In its written analysis Morgan Stanley said: "We see limited evidence that carbon pricing is the primary driver of cement pricing in Europe." The note added that generous allocations of free allowances have covered almost all emissions from the cement sector in recent years, which the brokerage argued undermines a straightforward cost-push explanation for recent pricing behaviour in the industry.

The research team contrasted market moves in carbon EUAs and cement producer price indices to support that point. Between 2016 and 2020 carbon EUAs rose by more than 300 percent while cement producer price indices in major European markets increased by less than 10 percent. More recently, Morgan Stanley noted a 24 percent drop in EUA prices since 2023 that coincided with a 10 percent rise in German and French cement PPIs.

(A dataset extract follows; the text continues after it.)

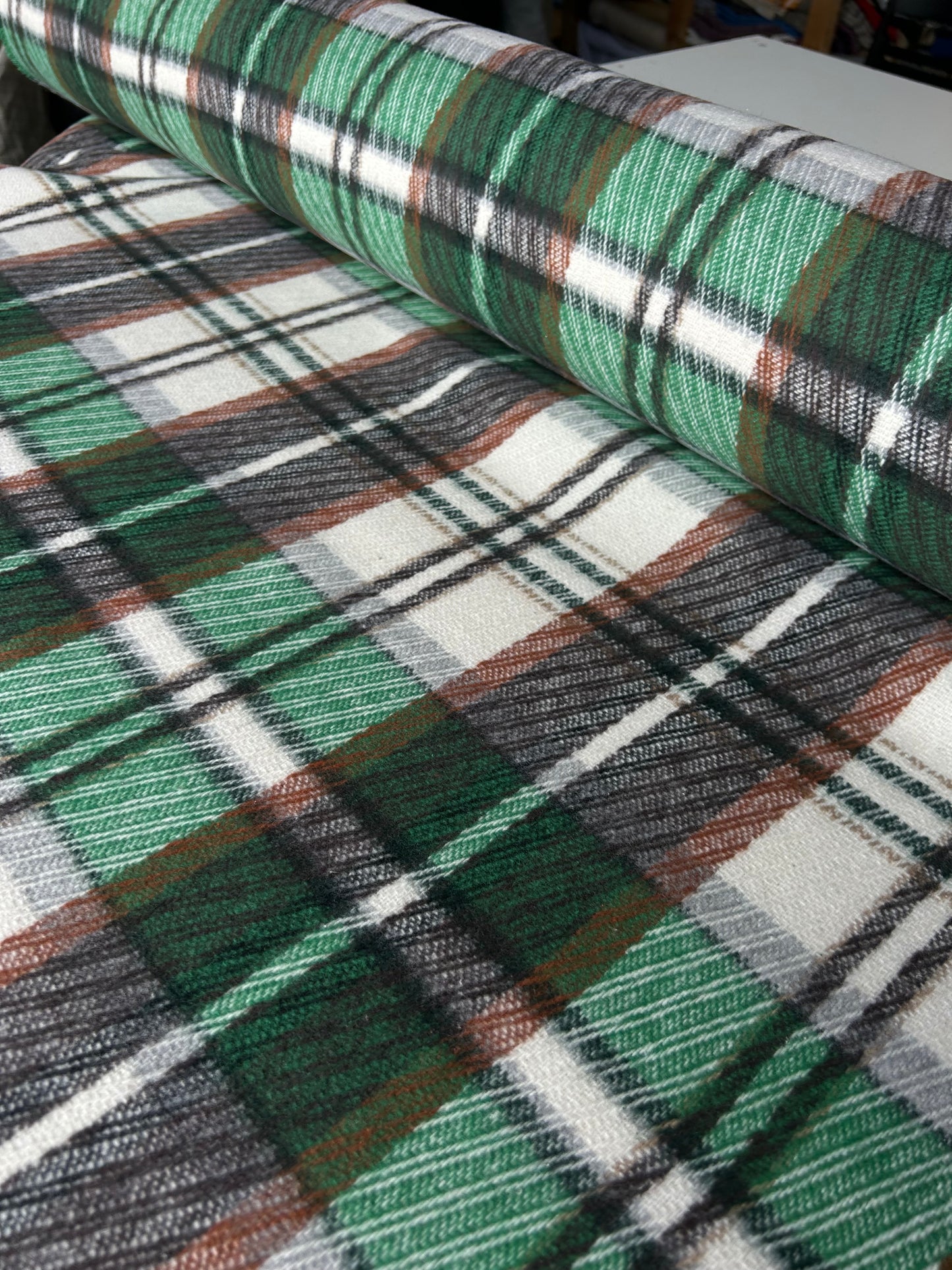 LISA 076 Green/brown/ecru checkered heavy cotton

Applying a reverse discounted cash flow framework, Morgan Stanley used a weighted average cost of capital of 8.3 percent and a terminal growth rate of 2.5 percent. Under those assumptions the brokerage calculated the current share price implies only 1.2 percent organic revenue growth. With an assumed 2 percent normalised pricing environment, that equates to a volumes contraction of roughly 1 percent, the note said.

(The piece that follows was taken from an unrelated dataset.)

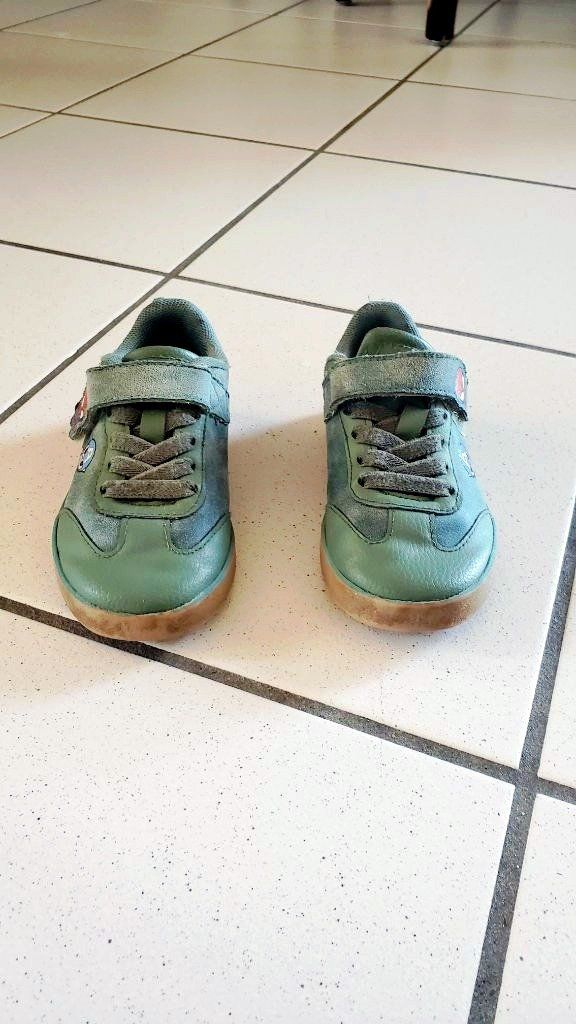 Schuhe für Jungen: Kinderschuhe Marvel Avengers Grösse 25 – Gebraucht aus Courtaman von Silb 2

However, Morgan Stanley described that implied outlook as overly pessimistic in light of Heidelberg's recent performance. The brokerage pointed to the company having delivered a 1 percent revenue compound annual growth rate over the past three years, achieved while Europe experienced significant volume declines.

On the earnings front, Morgan Stanley's forecasts have FY26 and FY27 EBIT estimates that sit 3 percent and 5 percent above consensus, respectively. The brokerage attributed that outperformance to margin upside from Heidelberg's Transformation Accelerator cost programme and to additional bolt-on acquisitions across Europe and North America.

Valuation metrics cited in the note show the stock trading at an estimated 7.4 times FY26 EV/EBITDA and offering a 7.1 percent FY26 free cash flow yield. Net debt to EBITDA was reported at about 1.2 times.

From Tuesday's close the €219 price target implies about 30.4 percent upside. Morgan Stanley also noted the range of consensus price targets stretches from €140 to €300, with a mean of €236.40.

The brokerage outlined scenario-based outcomes. Its bear case values the stock at €127, which assumes revenues decline 4 percent versus the FY26 base and EBITDA margins revert to 2022 levels. The bull case arrives at €269, premised on roughly 7 percent revenue CAGR and a 15 percent compound annual growth rate in EBIT from 2024 to 2030.


Analyst-driven tools and screening

The report also referenced AI-driven stock screening used by a separate product offering to evaluate whether Heidelberg Materials is a recommended buy. That product applies over 100 financial metrics across thousands of companies to identify opportunities based on fundamentals, momentum, and valuation.

Investors responding to the Morgan Stanley upgrade will weigh the brokerage's assumptions on carbon allowance dynamics, cost savings from transformation initiatives, and the potential for incremental acquisitions when assessing the stock's outlook.

Risks

  • Carbon market volatility remains a potential uncertainty for materials producers and related industrial sectors if allowance dynamics or policy change - this could influence costs and market perceptions.
  • Downside scenario where revenues fall and margins compress: Morgan Stanley's bear case values the stock at €127, driven by a 4% revenue decline and margin reversion to 2022 levels, which would affect sector cash flow and valuation metrics.
  • Execution and acquisition risk tied to the company's Transformation Accelerator cost programme and bolt-on transactions in Europe and North America; failure to realize expected margin gains would impact earnings and investor returns.